From the acknowledgements page, I felt confident I was in the hands of an original and capable writer: here is what Jones wrote:

For my parents Barbara and Mack Jones, who, to the best of my knowledge, are married only to each other.

This is significant and amusing of course because this novel begins with the protagonist, Dana Lynn (a play on her mother’s name, Gwendolyn), informing us her father, James, is a bigamist. Dana’s whole childhood is foreshadowed by being a second family, “an unknown” (p15) to Chaurisse, her half-sister, and Laverne, James’ first wife. In many ways, Dana exempts her mother from blame, although her mother took on James knowing he was married and would stay married,

This love just rolled towards my mother as though she were standing at the bottom of a steep hill. Mother had no hand in this, only heart.

p27

The result though is that Dana

lived in a world where you could never want what you wanted out in the open

p42

The first half of the book is from Dana’s childhood perspective, where she and her mother are both consumed by being the second family, the unacknowledged secret family, of having to share her father with his ‘real’ wife and daughter. The only thing they feel they have over Laverne and Chaurisse, is their knowledge of them, unreciprocated. So obsessed are they with the first wife and daughter that they spy on them regularly, ‘surveilling’, they call it, but basically, driving over to watch them in secret, and constantly comparing to see if they themselves have been shortchanged. Gwen and Dana take pride in being ‘better’ – in being more attractive, brighter, higher achieving – but always feeling they are not good enough because they are always second fiddle to his ‘real’ wife and daughter, even if the said wife and daughter are not aware of them. 
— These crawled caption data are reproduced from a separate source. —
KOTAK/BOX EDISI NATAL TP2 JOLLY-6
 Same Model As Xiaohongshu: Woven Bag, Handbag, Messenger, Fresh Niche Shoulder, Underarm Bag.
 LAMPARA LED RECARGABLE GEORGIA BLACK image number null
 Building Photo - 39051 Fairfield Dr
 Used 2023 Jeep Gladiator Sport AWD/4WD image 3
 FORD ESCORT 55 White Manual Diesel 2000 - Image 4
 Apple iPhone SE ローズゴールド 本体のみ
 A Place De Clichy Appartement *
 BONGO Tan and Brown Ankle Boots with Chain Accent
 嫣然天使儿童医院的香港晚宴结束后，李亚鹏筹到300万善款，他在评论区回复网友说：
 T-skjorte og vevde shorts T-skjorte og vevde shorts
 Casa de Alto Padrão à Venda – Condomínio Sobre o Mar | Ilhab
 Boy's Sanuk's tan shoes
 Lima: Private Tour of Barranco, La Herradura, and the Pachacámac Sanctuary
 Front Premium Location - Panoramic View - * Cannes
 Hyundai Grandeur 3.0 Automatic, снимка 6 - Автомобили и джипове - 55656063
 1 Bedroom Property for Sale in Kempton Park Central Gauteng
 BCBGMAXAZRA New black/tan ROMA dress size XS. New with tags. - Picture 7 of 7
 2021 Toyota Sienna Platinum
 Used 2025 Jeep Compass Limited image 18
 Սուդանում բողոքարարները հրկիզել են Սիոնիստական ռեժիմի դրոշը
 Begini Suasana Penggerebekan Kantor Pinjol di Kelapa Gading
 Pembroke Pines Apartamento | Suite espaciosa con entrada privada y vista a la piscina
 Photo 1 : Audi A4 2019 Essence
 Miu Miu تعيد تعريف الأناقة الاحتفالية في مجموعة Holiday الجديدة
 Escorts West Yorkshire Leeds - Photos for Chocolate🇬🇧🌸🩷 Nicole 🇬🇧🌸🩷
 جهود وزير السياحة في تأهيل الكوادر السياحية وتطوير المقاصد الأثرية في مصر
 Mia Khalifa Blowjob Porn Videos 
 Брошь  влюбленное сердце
It would be too easy to say James is a man who wants to have his cake and eat it too, even if this is the case. This, however, is not a book which casts black men as villains: James tries to do his best by both women, to be a good husband and father twice over. Raleigh, his comrade-in-arms, boyhood friend, work partner, aids and abets him at every turn. Raleigh is a simply sweet man, impossible not to love, and who is beloved by all the 4 women in James’ life – 5 if you include Miss Bunny, James’ wonderful mother. Raleigh seems to be a shadow self of James’ – he shares James’ mother, James’ house in childhood, James’ business in adulthood, and James’ 2 families, with no apparent family or life of his own. This is not just a book about 2 families, this is also a book about the strength of friendships, James and Raleigh, Gwendolyn and Willa Mae, the friendships between the mothers and daughters, and the almost illicit, almost incestuous friendship between Dana and Chaurisse.  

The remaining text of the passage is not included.